Task to complete: The listing below must be returned in full and unchanged, without the images it carries.

▬▬▬

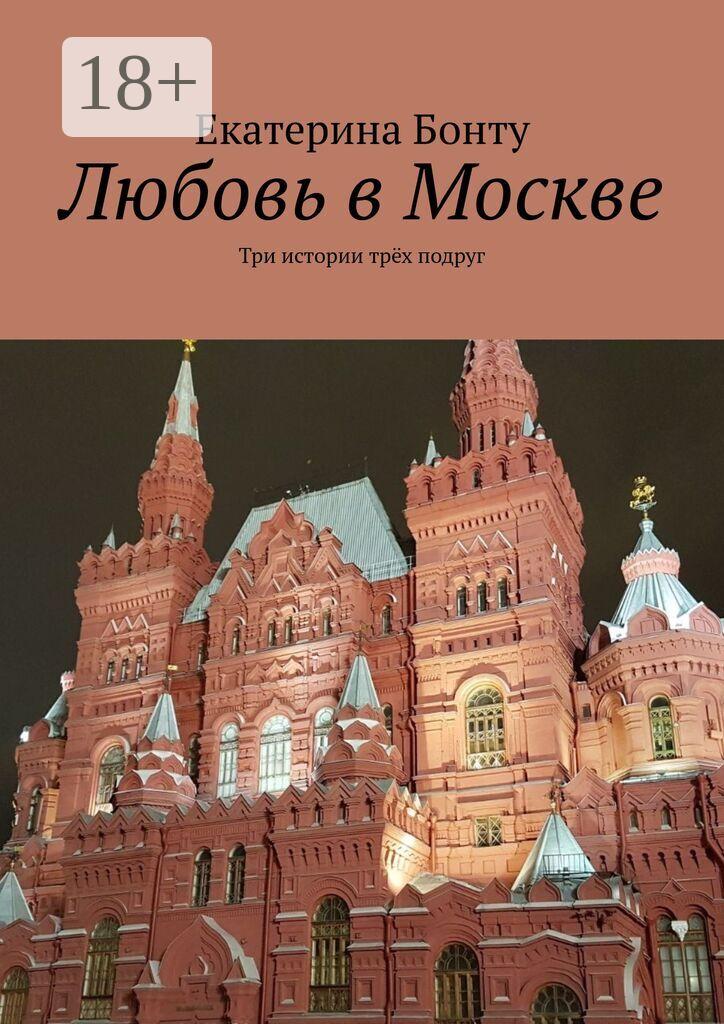 Обложка книги «Любовь в Москве. Три истории трёх подруг»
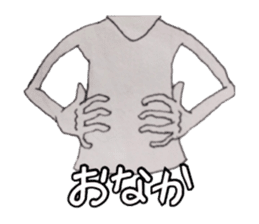 What if become a language disorder ... sticker #9146786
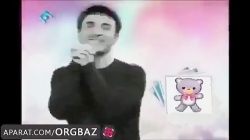 کارتون عمو پورنگ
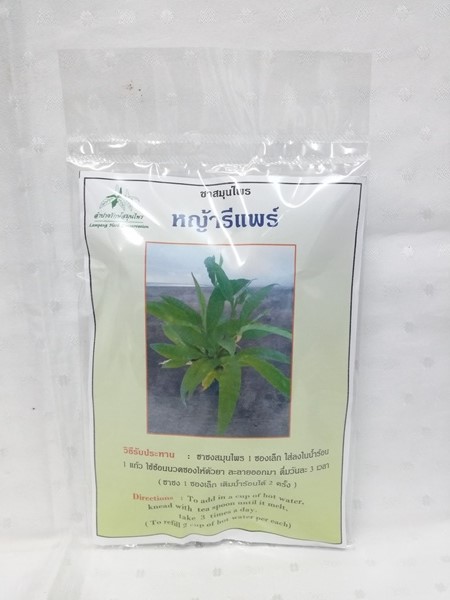 ชาสมุนไพร "หญ้ารีแพร์(หญ้าฮี๋ยุ่ม)" บรรจุซองๆ ละ 20 ซองเล็ก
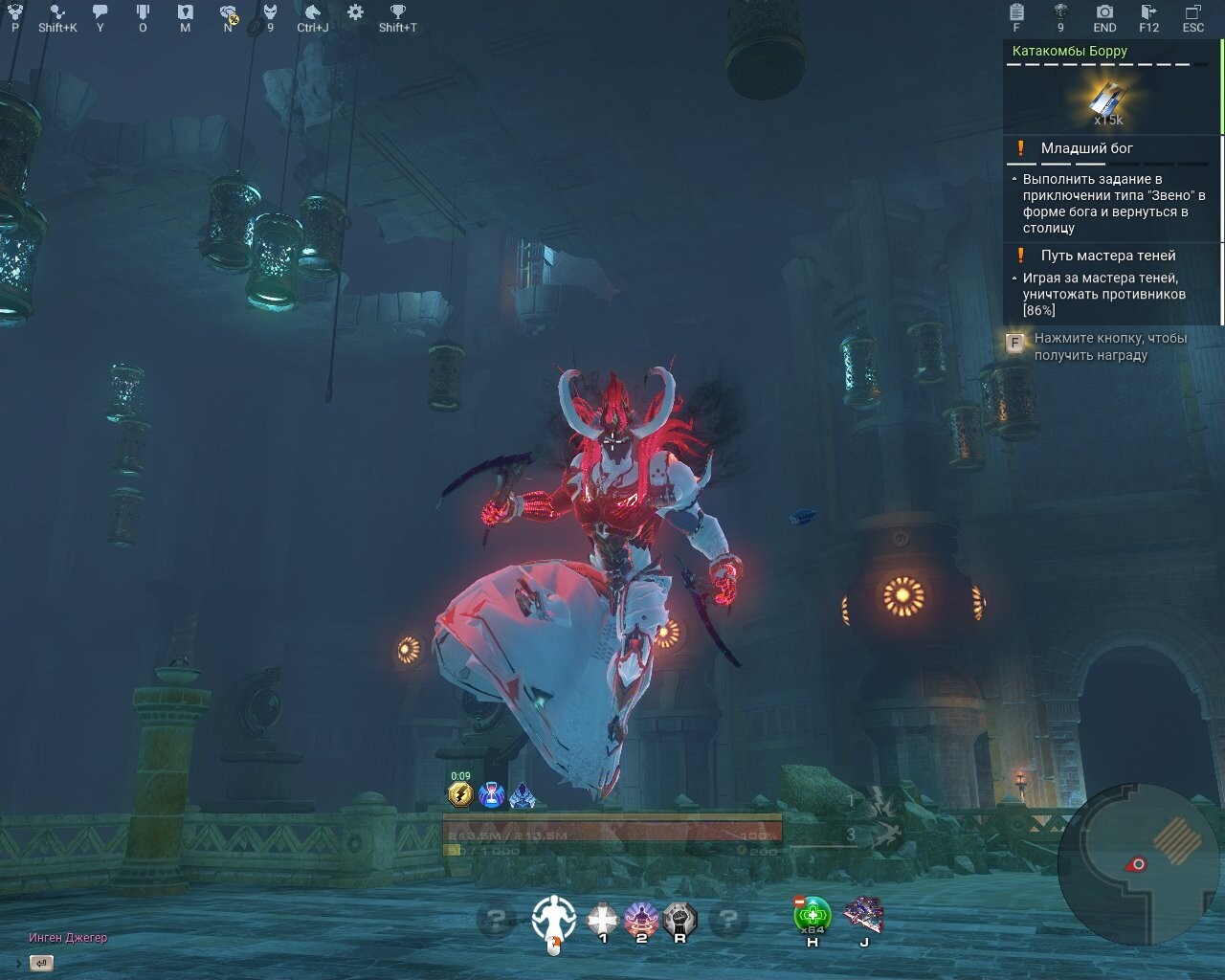 Let the Skyforge, let the sky fall - 83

▬▬▬

Exercise solution:
 Обложка книги «Любовь в Москве. Три истории трёх подруг»
 What if become a language disorder ... sticker #9146786
 کارتون عمو پورنگ
 ชาสมุนไพร "หญ้ารีแพร์(หญ้าฮี๋ยุ่ม)" บรรจุซองๆ ละ 20 ซองเล็ก
 Let the Skyforge, let the sky fall - 83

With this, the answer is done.